Decision Holds that Illegal Activities Committed within Premises that are Intended for Sale of Fine Arts and Antiques Qualify as Illegal Trade or Business
For Immediate Release
Shea Communications, LLC
George Shea, Mark Faris (212) 627-5766
Rosenberg & Estis, P,C., New York’s largest real estate law firm, and premiere litigation department in real estate, recently obtained a unanimous determination of the Appellate Division, First Department, which, in an order entered June 14, 2018, declared the leasehold interests of Metropolitan Fine Arts & Antiques, Inc. to commercial premises at 10 West 57th Street to be void pursuant to Real Property Law Section 231, and that the landlord, 10 West 57th Street LLC, an entity controlled by Sheldon Solow, was entitled to immediate possession of the premises.
The Appellate Court held that Metropolitan’s guilty plea to violating provisions of the New York Environmental Conservation Law that prohibit the sale, purchase, trade, barter or distribution of elephant ivory without a license or permit, a Class D felony, and accompanying allocutions of Metropolitan and its principals, were sufficient to establish that Metropolitan was using the premises for an illegal trade or business. The Court also noted that Metropolitan’s sale of ivory continued four or five months after its license expired in August 2015. The Court noted that “a commercial enterprise operating and using a particular premises as an illegal business subjects the lessees of those premises to eviction proceedings under Real Property Law Section 231(1).”

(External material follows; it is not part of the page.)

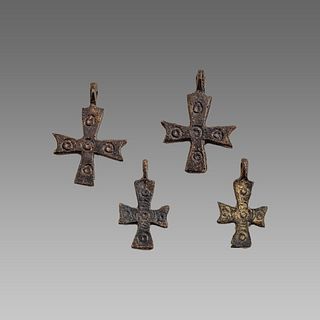 Lot of 4 Byzantine Style Bronze Crosses.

In so ruling, the Appellate Division unanimously reversed a decision of Supreme Court, New York County, that had held that more than a single isolated incident (here, a conviction of a Class D felony) was required to trigger Real Property Law Section 231(1) and void a lease. The Appellate Court disagreed, especially given the nature of the offense — a Class D felony involving illegal commercialization and sale of ivory products at the premises without a license.
The appeal was successfully argued by Norman Flitt of Rosenberg & Estis, P.C. The underlying strategy, which ultimately prevailed in the Appellate Court, was devised by a team consisting of Warren Estis, a founding partner of Rosenberg & Estis, Bradley Silverbush, a member of the firm, and Richard Corde, an associate.

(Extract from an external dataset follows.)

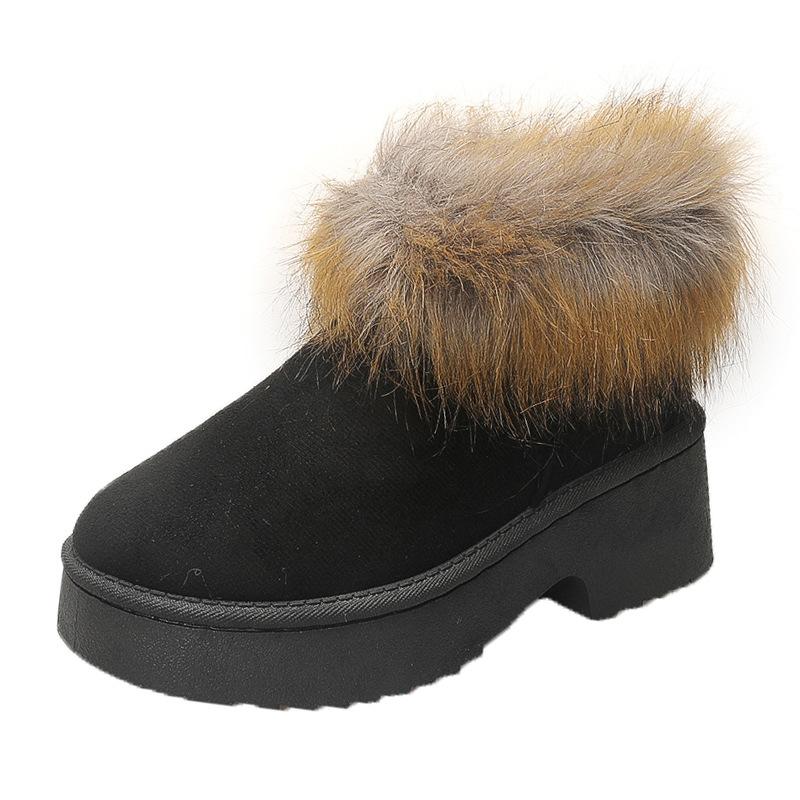

Women s Slip on Cotton Shoes 2026 Winter Thicken Warm Plush Short Boots Comfortable Fashion Height Increase Non Slip Snow Boots 36 чёрный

As Mr. Flitt stated: “The Appellate Division recognized that the conviction at issue here, which was based on a guilty plea and sworn statements of the tenant and its principals admitting to the illegal use, was sufficient to invoke the statute and automatically void the lease.” Flitt emphasized that once voided by the statute, the lease is over, and neither the parties nor a court can reinstate it.

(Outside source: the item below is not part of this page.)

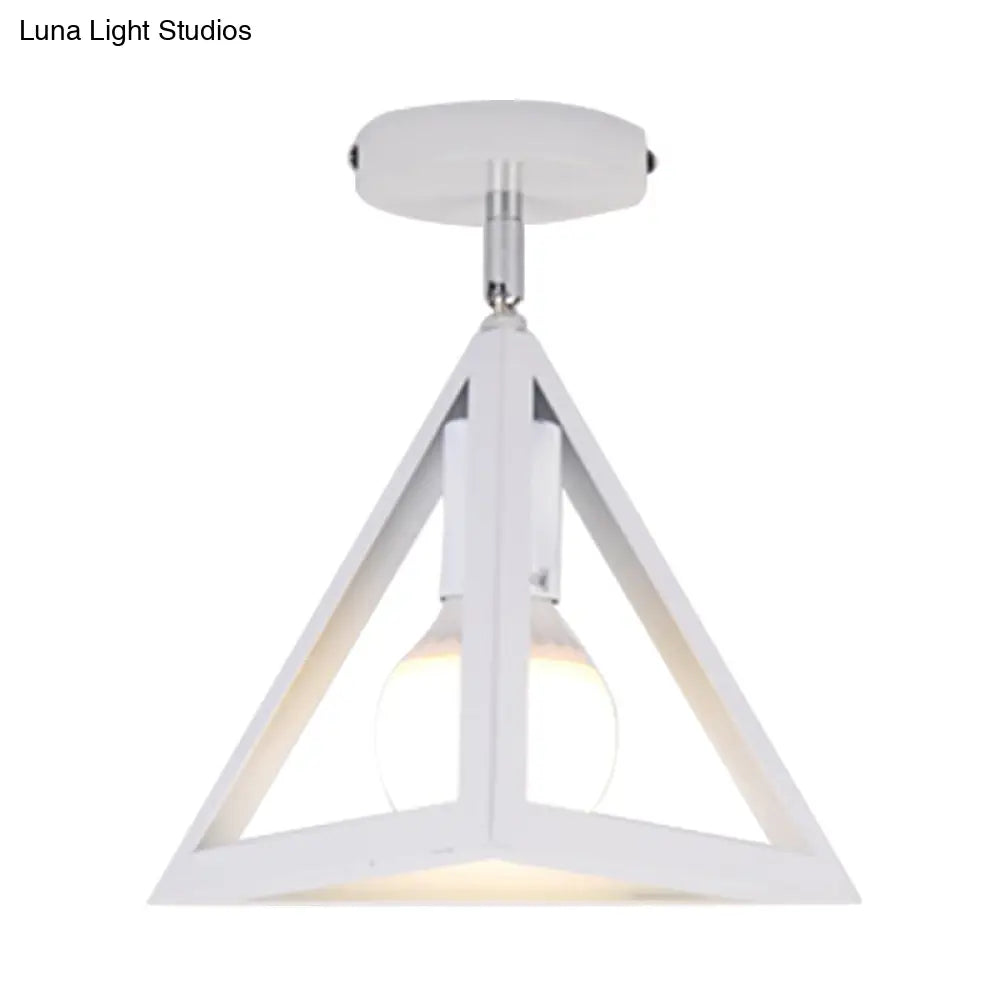 DecorBites™ DecorBites™ Retro Industrial Wire Cage Ceiling Light with Triangle Shade - 1 Head Metal Lamp in Black/Grey/White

This is a powerful weapon in a landlord’s arsenal with respect to tenants who violate the law within their demised space. The case is also important because it holds that illegal activities committed within premises which, as here, were supposed to be used for the sale of fine arts and antiques, qualify as an illegal trade or business under the statute.
The case represents one of very few Appellate Division rulings involving Real Property Law 231(1) and should be required reading for any real estate practitioner.